そして、「軍事力の限定使用」に関する論が米国を中心に発展してきたのには理由がある。第2次世界大戦終了後、米国は「より短い通信・兵站線を有するのみならず、安定した世界のインタレストを蚕食する徴候のある地点ならどの場所でも、自らの選ぶ時と所で、自らの選ぶ争点に対して、その対応を強いることができる*17」ソ連に対して封じ込めの戦略を採用したからである。すなわち、米国はソ連に「内線の利」を与え、太平洋及び大西洋を隔てたリムランドに位置する国々との同盟を維持するという「外線戦略」を採用したのである。

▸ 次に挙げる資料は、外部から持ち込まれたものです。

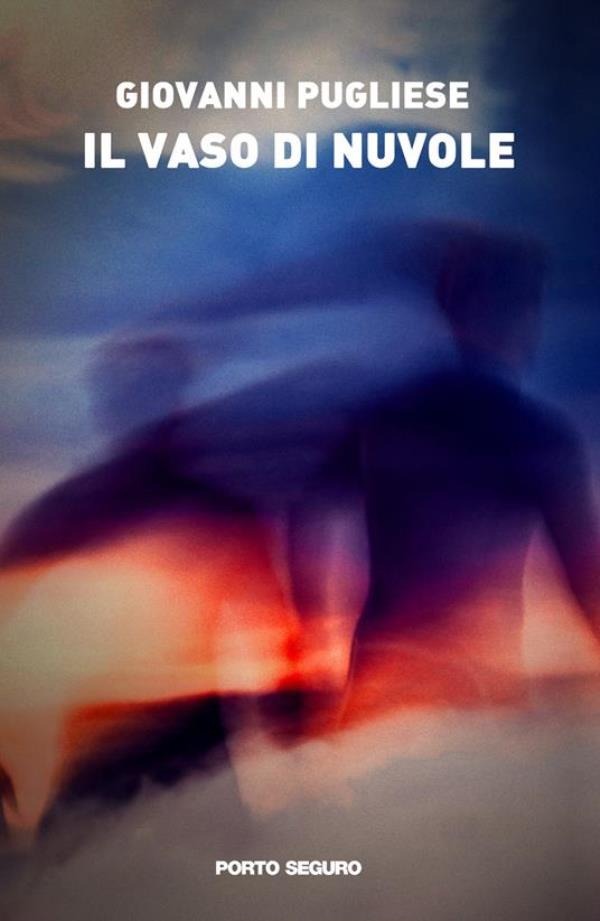 images "Il vaso di nuvole": un romanzo di Giovanni Pugliese nell'anticamera dei bestseller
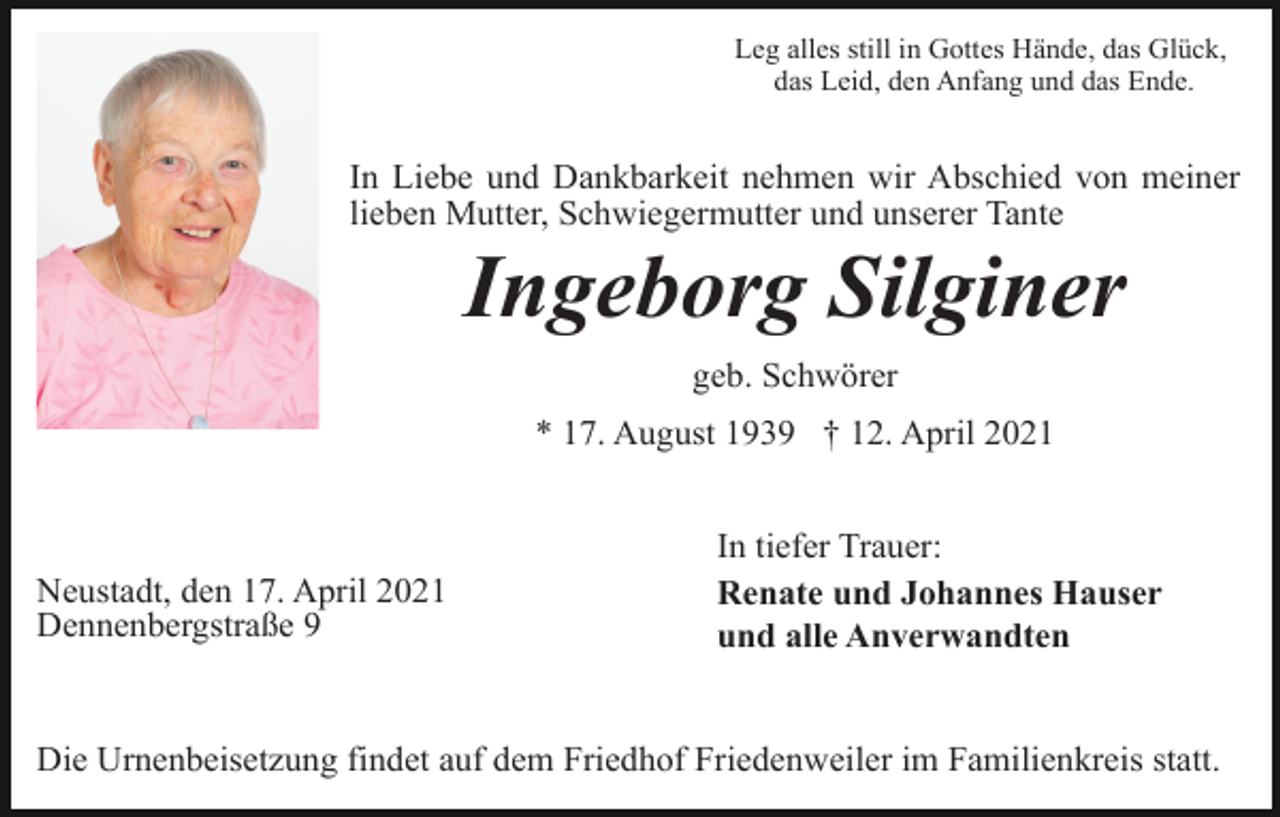 <p>Leg alles still in Gottes Hände, das Glück,<br />das Leid, den Anfang und das Ende.</p><p>In Liebe und Dankbarkeit nehmen wir Abschied von meiner<br />lieben Mutter, Schwiegermutter und unserer Tante</p><p>Ingeborg Silginer<br />geb. Schwörer<br />* 17. August 1939 † 12. April 2021</p><p>Neustadt, den 17. April 2021<br />Dennenbergstraße 9</p><p>In tiefer Trauer:<br />Renate und Johannes Hauser<br />und alle Anverwandten</p><p>Die Urnenbeisetzung findet auf dem Friedhof Friedenweiler im Familienkreis statt.</p>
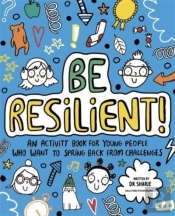 Be Resilient! (Mindful Kids)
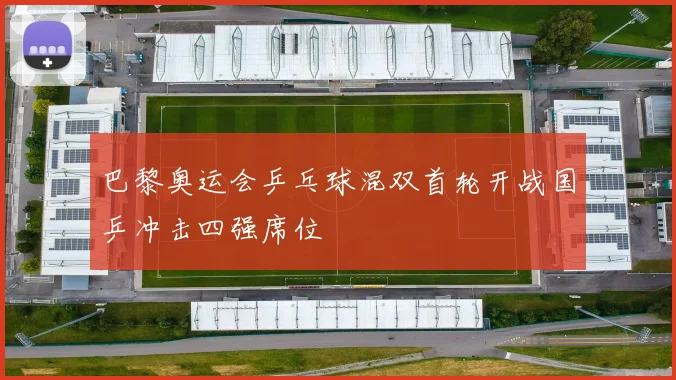 巴黎奥运会乒乓球混双首轮开战国乒冲击四强席位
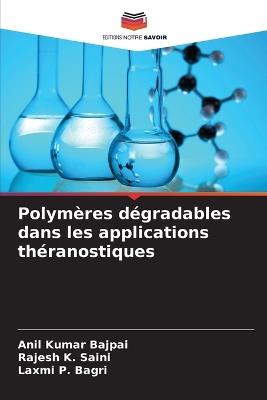 Polymères dégradables dans les applications théranostiques - Anil Kumar Bajpai,Rajesh K Saini,Laxmi P Bagri - cover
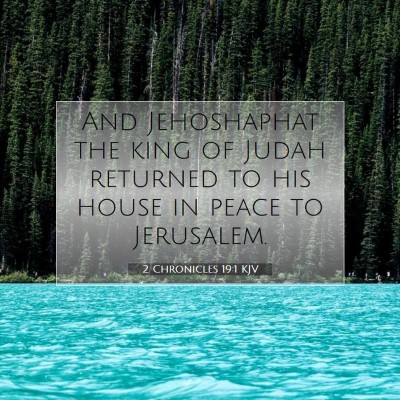 Picture 07 - 2 Chronicles 19:1 KJV - And Jehoshaphat the king of Judah returned to his - Bible Verse Picture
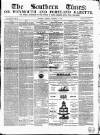 Southern Times and Dorset County Herald Saturday 13 November 1852 Page 1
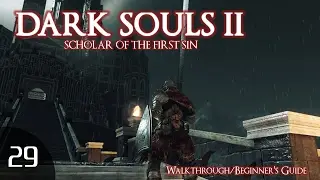 Dark Souls 2 SOTFS - Beginner&rsquo;s Guide/Walkthrough [29]: Darklurker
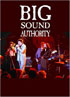Big Sound Authority: This House Is Where Your Love Stands:  Big Sound Authority Live
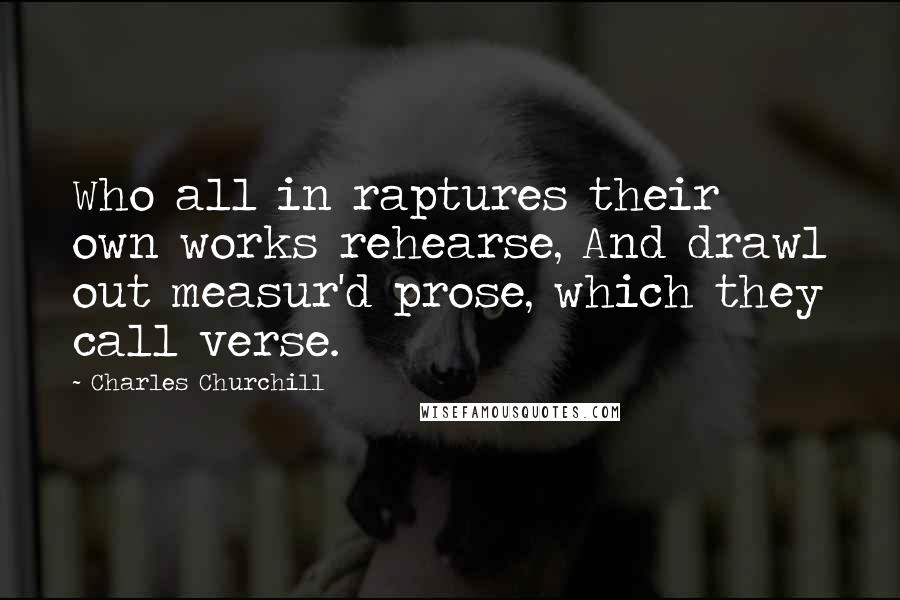 Charles Churchill Quotes: Who all in raptures their own works rehearse, And drawl out measur'd prose, which they call verse.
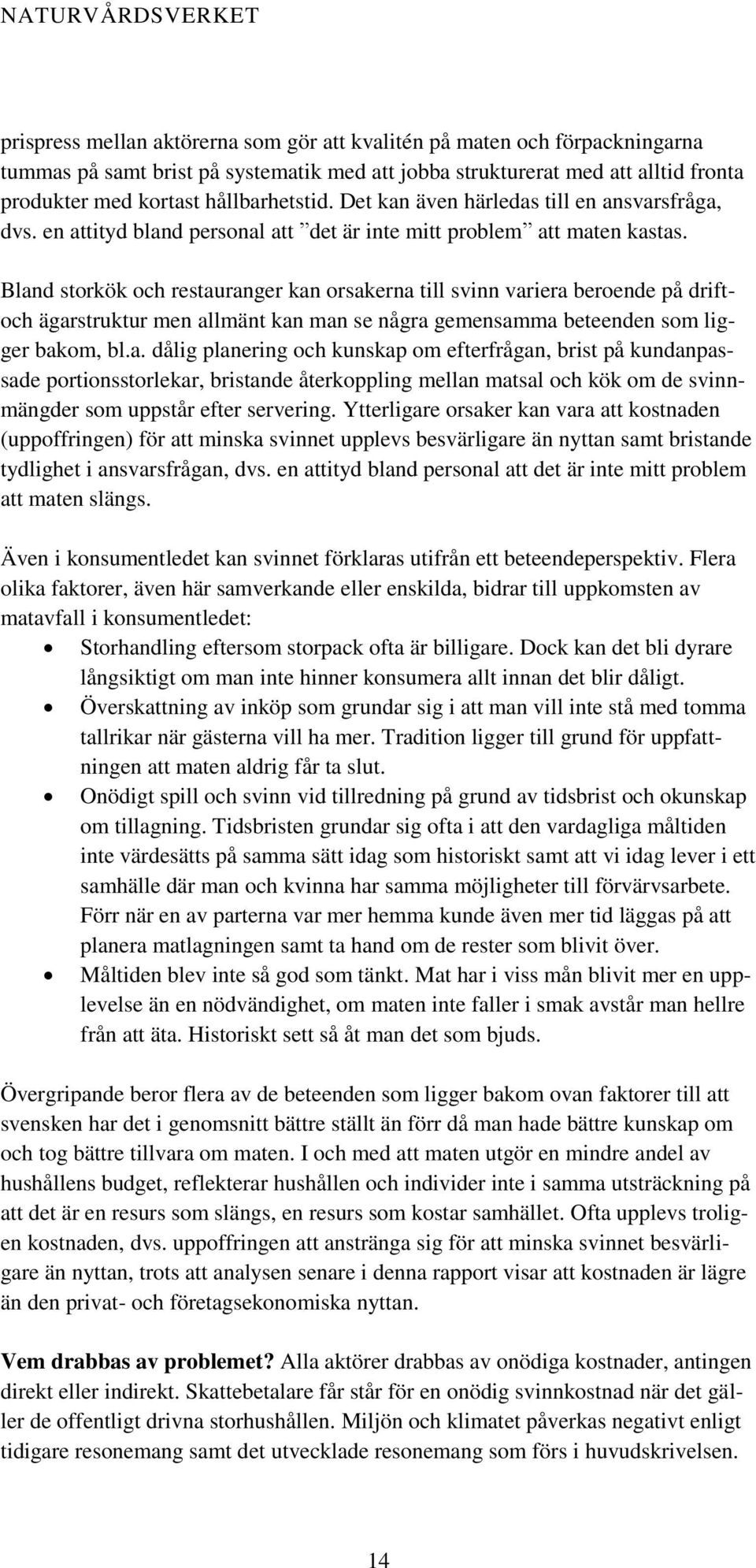 Bland storkök och restauranger kan orsakerna till svinn variera beroende på driftoch ägarstruktur men allmänt kan man se några gemensamma beteenden som ligger bakom, bl.a. dålig planering och kunskap om efterfrågan, brist på kundanpassade portionsstorlekar, bristande återkoppling mellan matsal och kök om de svinnmängder som uppstår efter servering.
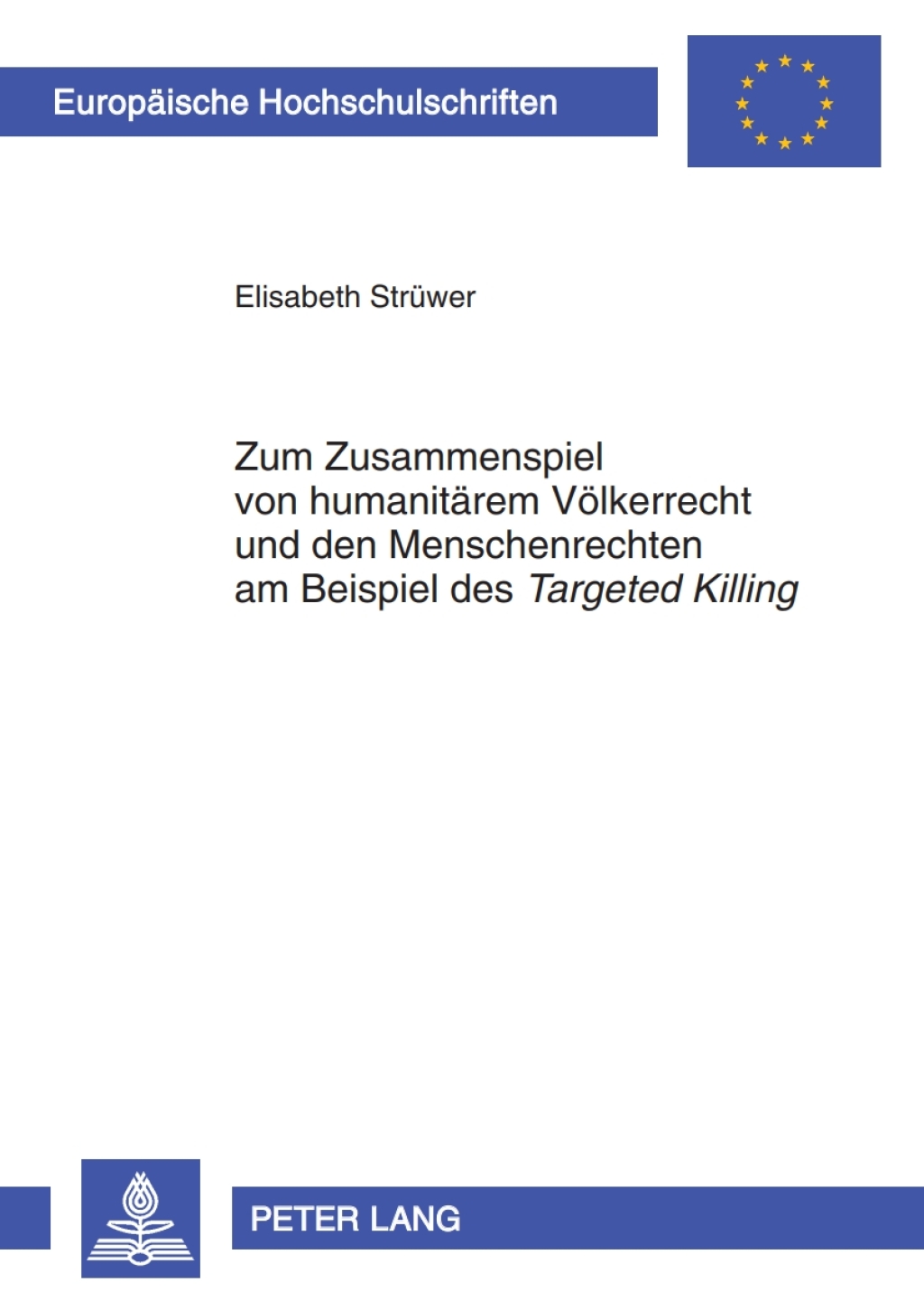Zum Zusammenspiel von humanitaerem Voelkerrecht und den Menschenrechten am Beispiel des Â«Targeted KillingÂ» 1st Edition â€“ PDF/EPUB Version Downloadable
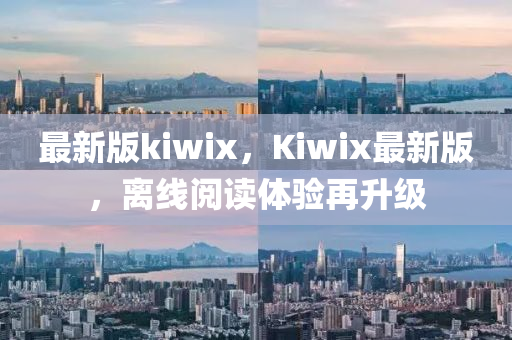 最新版kiwix，Kiwix最新版，離線閱讀體驗(yàn)再升級(jí)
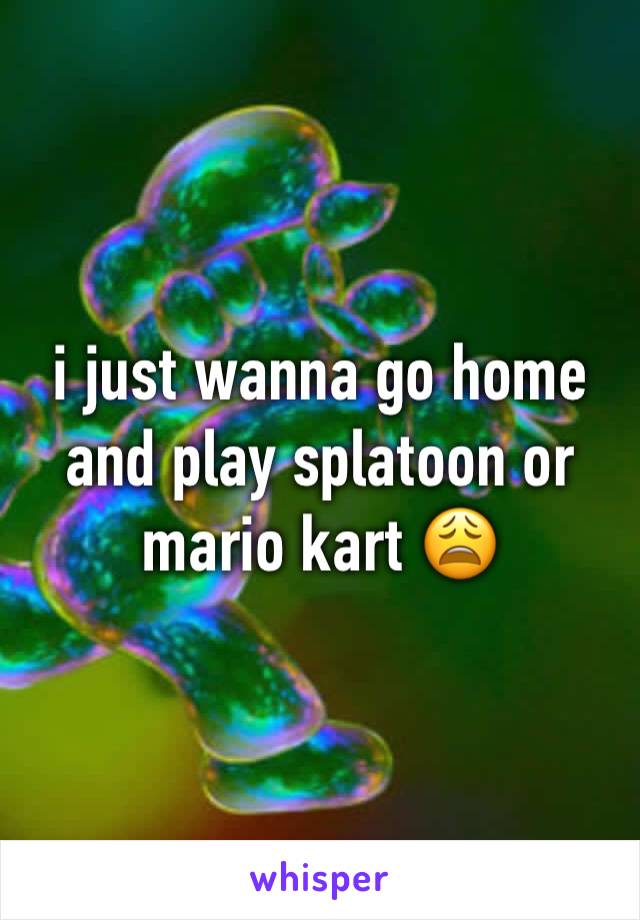 i just wanna go home and play splatoon or mario kart 😩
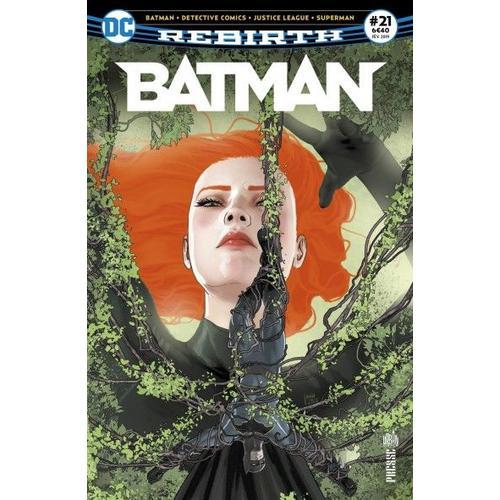 Batman Rebirth N° 21 - Sous Le Charme De Poison Ivy !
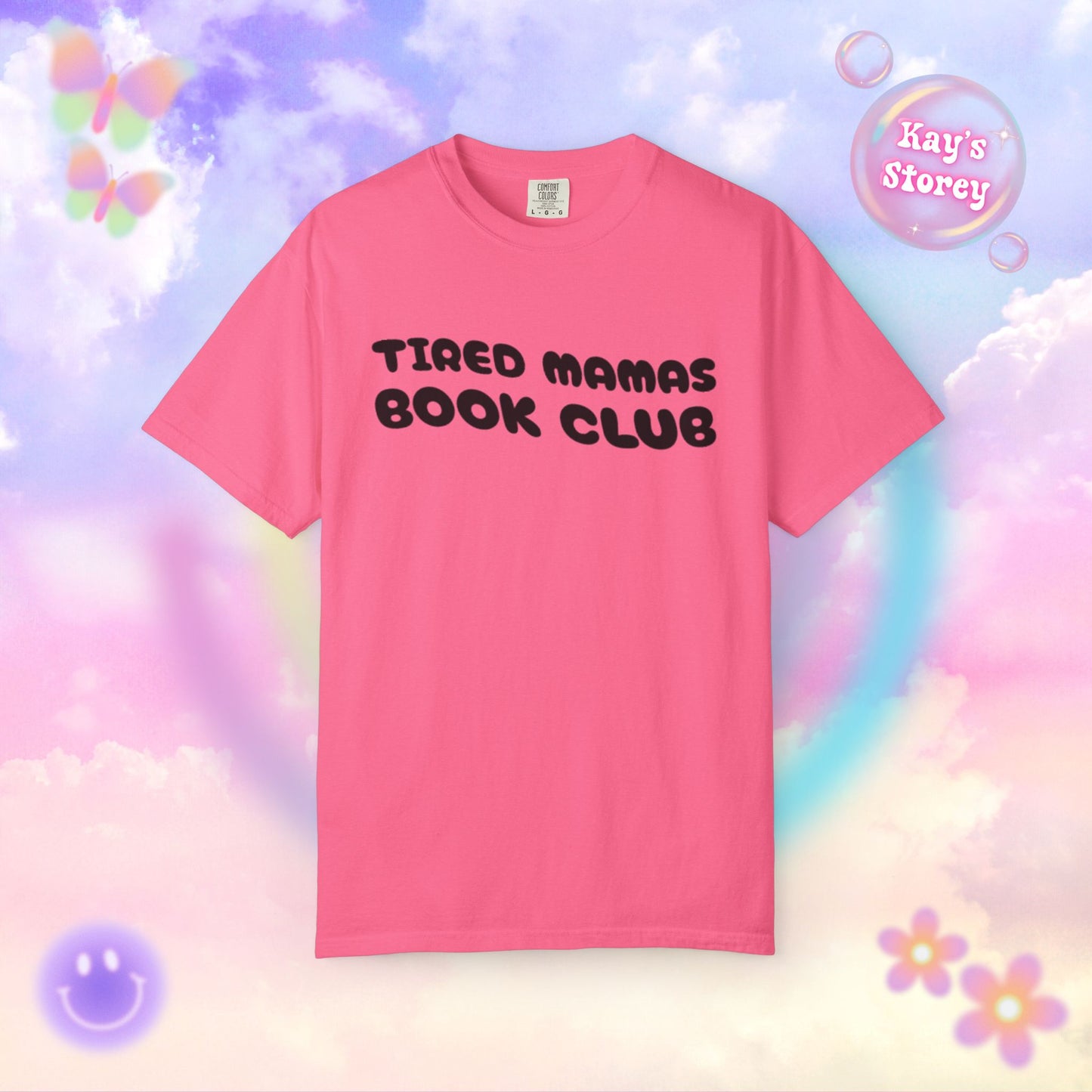Tired Mamas Book Club Comfort Colors T-Shirt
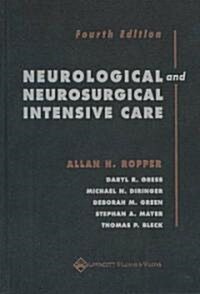 Neurological and Neurosurgical Intensive Care (Hardcover, 4)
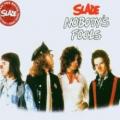 CDSlade / Nobody's Fools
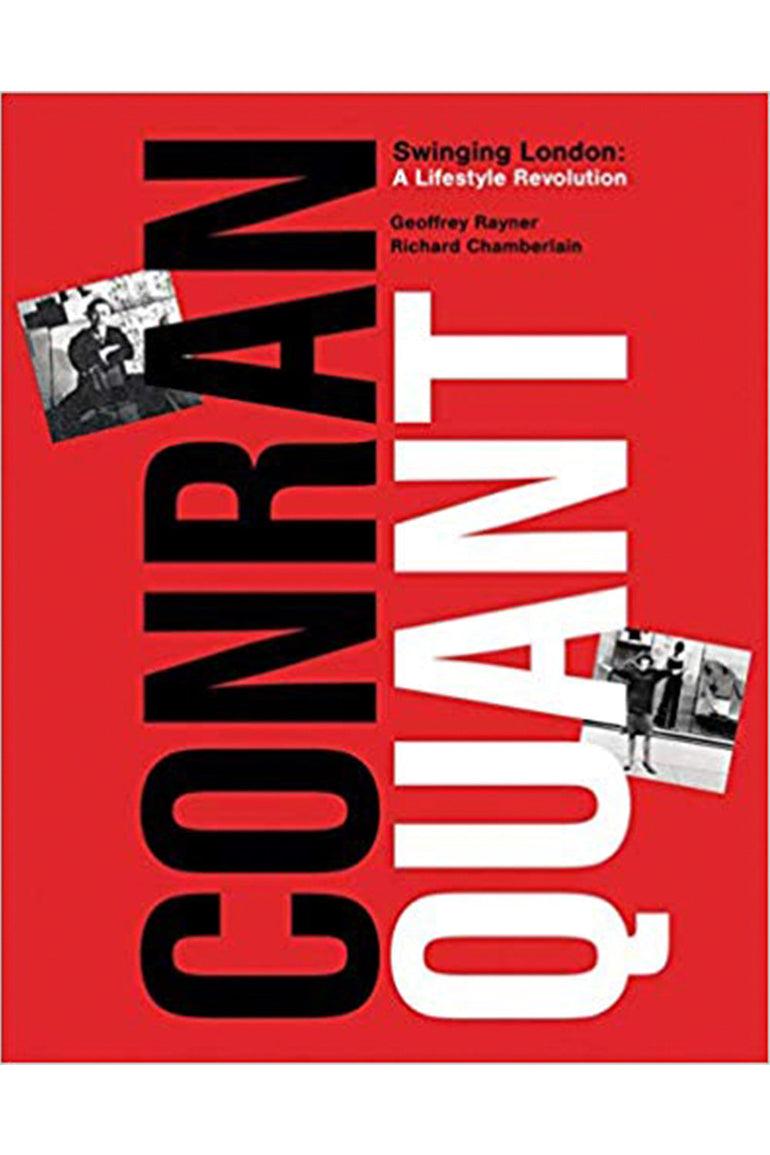 CONRAN/QUANT SWINGING LONDON BOOKS CONRAN/QUANT SWINGING LONDON: A LIFESTYLE REVOLUTION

このような安全保障環境は明らかにマハンの時代のものとは異なっており、マハンの時代の要請に基づいたシーパワーの概念が終焉を迎えたのは当然であった。新しい時代の要請の中で、従来の考えに立つ海軍に対して「なぜ、我々は海軍を持たなければならないのか。…誰が海軍が戦うよう計画するのか。陸、空軍を除いて戦うべき敵はいないではないか。…次の戦争において海洋において戦うということはばかげた想定である*18」という疑問が投げかけられたのも当然と言えよう。米国では、1949年、下院軍事小委員会において「提督の反乱」と呼ばれた海軍対他の軍種間の論争が展開された。その回答は、小委員会ではなく、それ以後の国際攻治の場で出されたのである。